[Data]
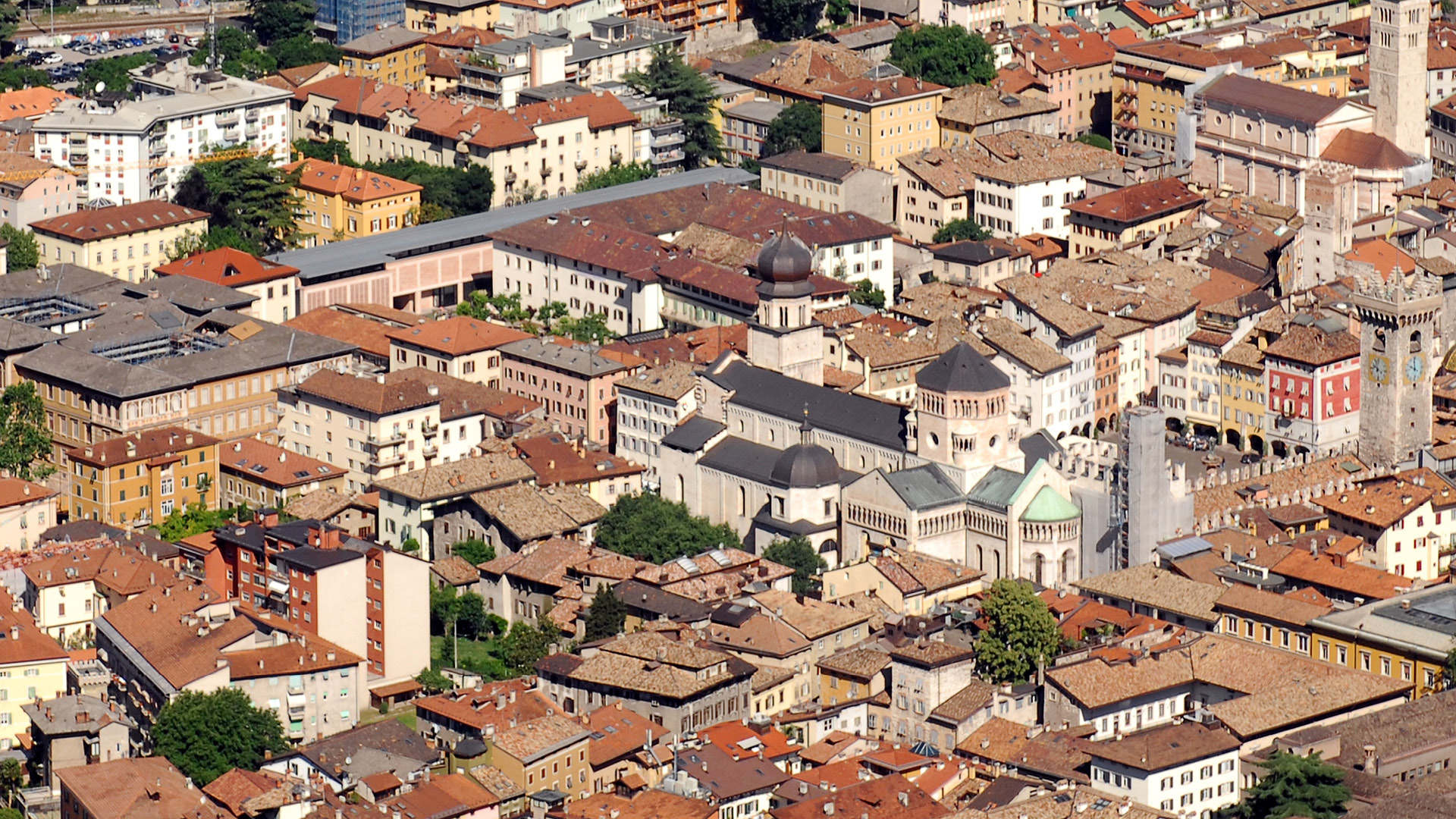 Trento foto dall'alto, centro storico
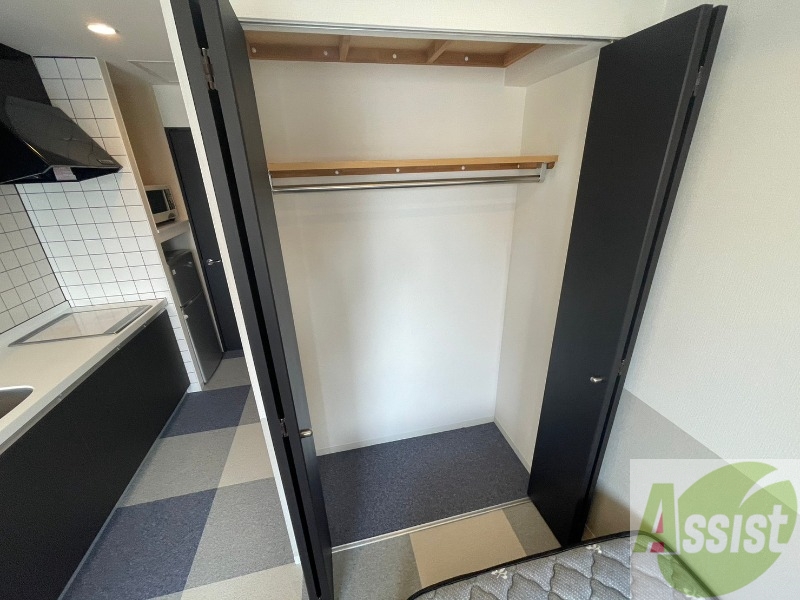 収納　こちらの収納にはハンガーをかけて服もしまえますね。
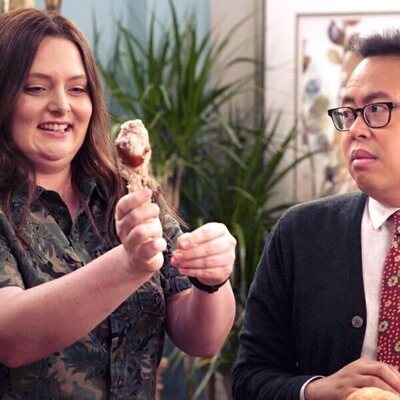 Lauren Ash y Nico Santos en Capítulo 9 titulado 'Fiesta de los Globos de Oro' de 'Superstore'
[/Data]
— Exercise prompt —
Print the material word for word without images.

— The completed task —
 Trento foto dall'alto, centro storico
 収納　こちらの収納にはハンガーをかけて服もしまえますね。
 Lauren Ash y Nico Santos en Capítulo 9 titulado 'Fiesta de los Globos de Oro' de 'Superstore'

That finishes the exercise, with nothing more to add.